Former State Board of Equalization chairman Conway Collis’s article arguing for higher taxes on commercial property in the San Jose Mercury News last week didn’t tell the full story. He did not cover the negative consequences of such a move.

Collis was trying to sell splitting the property tax roll between business and residential property as the panacea to dig California out of its deficit problem. He claimed increasing taxes on business property would raise $6 to $ 8 billion in new revenue for government.

In reality, raising business property taxes will prolong our fiscal mess because it will act as a disincentive to job creation and business growth, which is the only way to pull California out of the deficit hole. If billions were raised in taxes they would not be available for job creation. In fact, former Legislative Analyst Bill Hamm noted in a study last year that for every one percent increase in business property taxes, 43,000 jobs would be lost.
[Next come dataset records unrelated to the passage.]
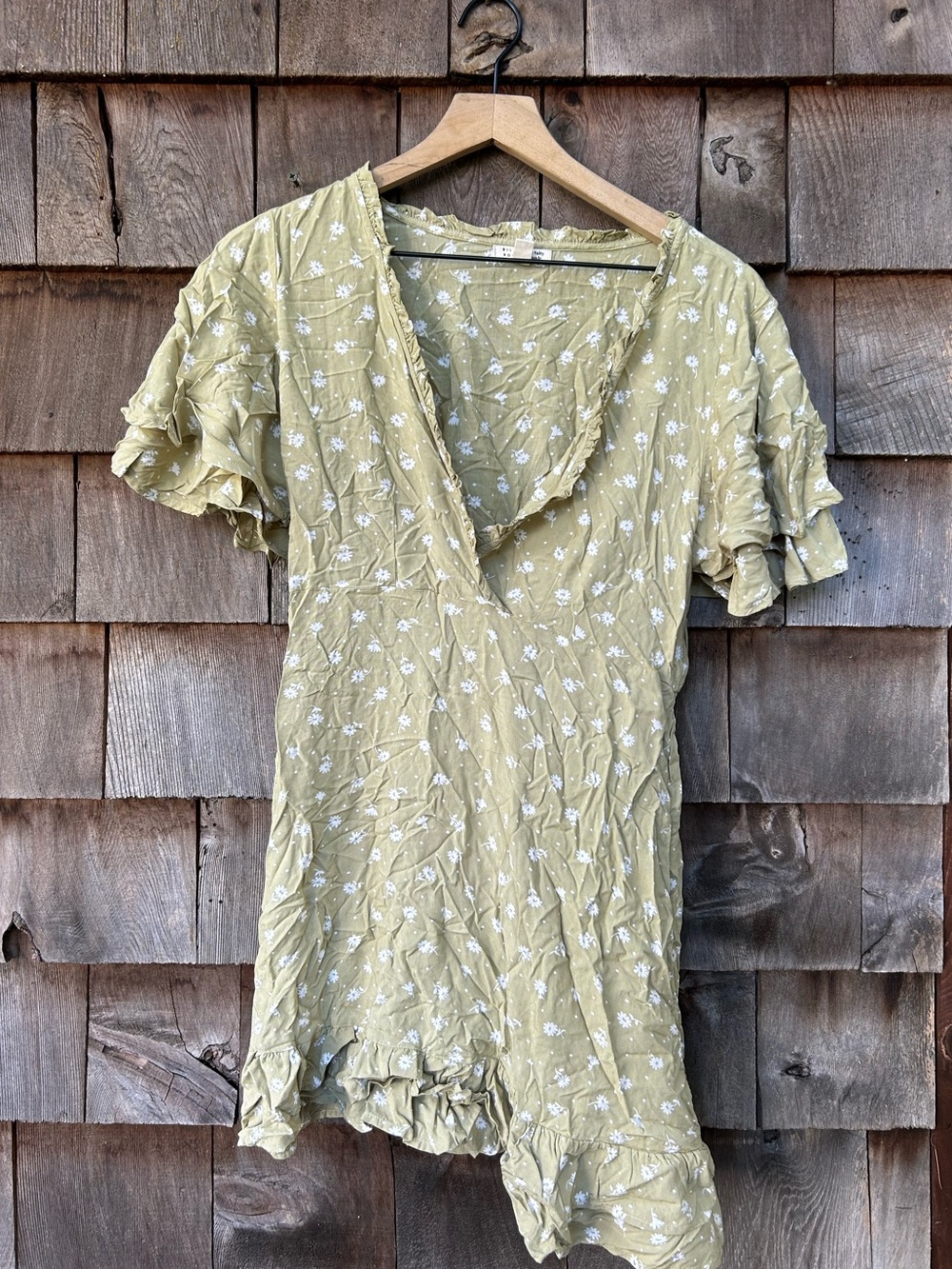 Billabong X The Salty Blonde - Ruffled Floral Sage Green Mini Dress Short Sleeve
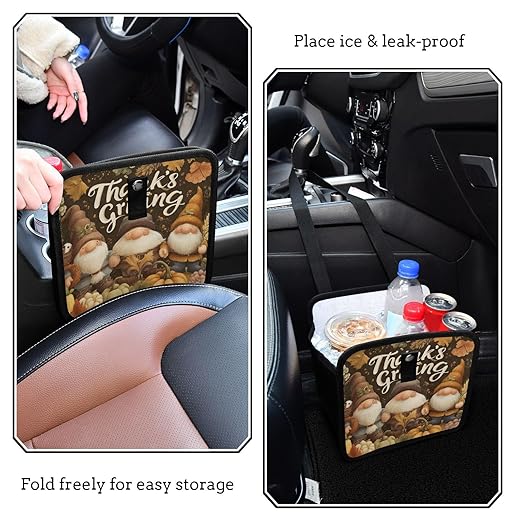 Car Trash Can Organizer Bin with Adjustable Strap for Back Front Seat Console Waterproof Leakproof Collapsible Portable 8.66 Inch Autumn Gnomes Pumpkin Brown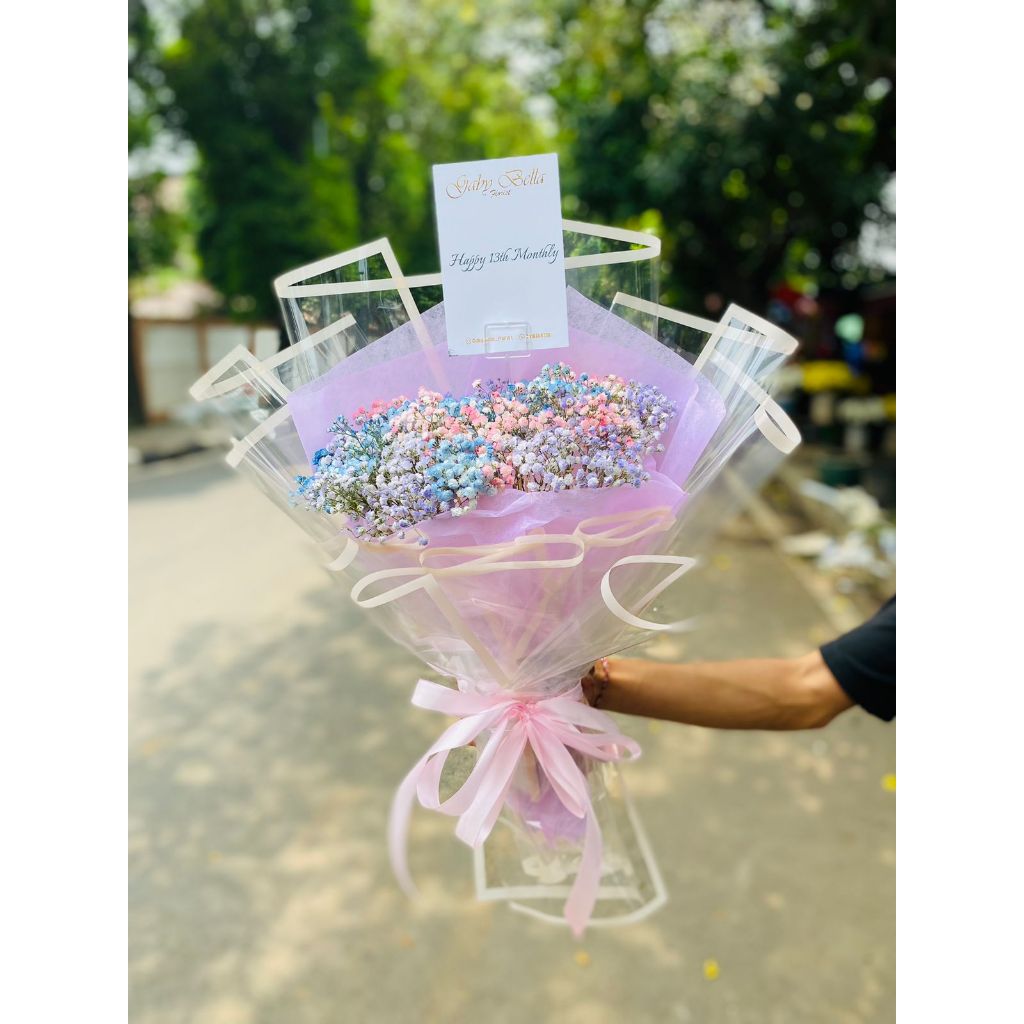 Buket baby breath Buket Bunga baby breath hand buket Bunga Wisuda Baby Breath Full Colour Baby Breat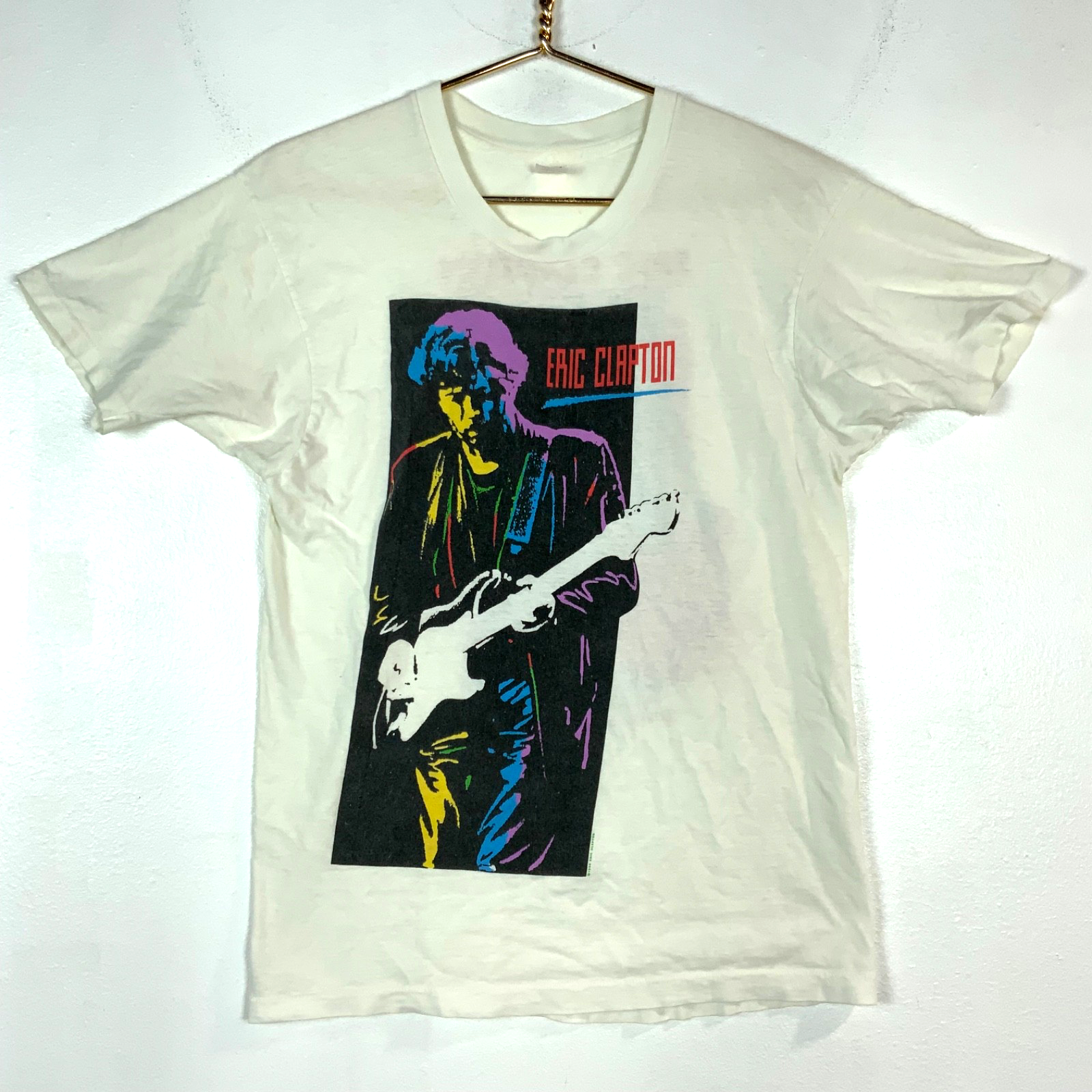 Vintage Eric Clapton T-Shirt Large White 1990 Single Stitch Journeyman Tour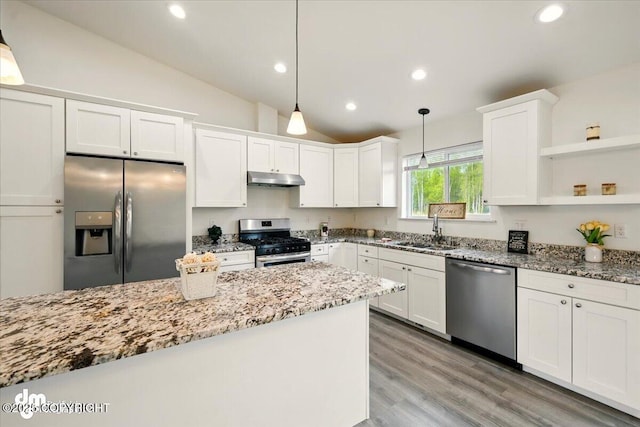kitchen with appliances with stainless steel finishes, a sink, under cabinet range hood, lofted ceiling, and white cabinetry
But there are other consequences that Collis ignores as well. Commercial property is suffering in the market just like other property. Shops are closed and buildings are empty. Raising taxes on some owners that cannot pay means that the anticipated revenue will not be there.

Collis argues that the current system discourages business development. He claims new businesses don’t want to locate in California because they will pay more in property taxes than their business competitors.

California’s current property tax system has been in place for over thirty years and plenty of businesses have chosen to locate here during that time. Only in the last decade have businesses turned their back on California because of an overall tax and regulatory system that punishes business. Only recently has California fallen to 49th and 50th on surveys of tax and business friendly surveys of the states. The businesses that are fleeing the state are often long established and have the full benefit of the Proposition 13 tax system. It is the overall tax and regulatory burdens imposed by California government that is chasing them away.

Businesses prefer the certainty of the current property tax system to the subjective yearly tax change they would have to endure under Collis’s split roll proposal of yearly re-assessments.

Collis acknowledges that costs for consumers could rise if property taxes are passed through, but tries to argue that those costs will generally be “borne by high-income landowners.”

That argument simply ignores the reality of most California business. The biggest victims of a business property tax increase will be the least vulnerable businesses. Small business, a great many minority and women owned, will face this new tax burden. Many small businesses often sign leases that require them to pick up any property tax increase.

Collis’s off-the-cuff charge that residential property pays three-quarters of the property tax is not backed up by any research that I have seen. In fact, the California Taxpayers Association has pointed out in a study prepared at the time of Prop 13’s 30th anniversary that non-residential property as a whole pays a higher percentage of full market value than residential property amounting to non-residential property paying over a half-billion more in property taxes than residential property.

Collis’s argument is built on revisionist history. He writes that Proposition 13 was intended to protect homeowners. In 1978, voters had the option to adopt a split roll while getting homeowner property tax relief by passing Proposition 8 put on the ballot by the legislature to counter Proposition 13. Prop 13 would apply property taxes on the same basis to both business and residential properties as the law had done for decades. The voters passed Proposition 13 and rejected Proposition 8.

The voters understood then as they understand now that keeping a healthy business climate leads to a more prosperous state.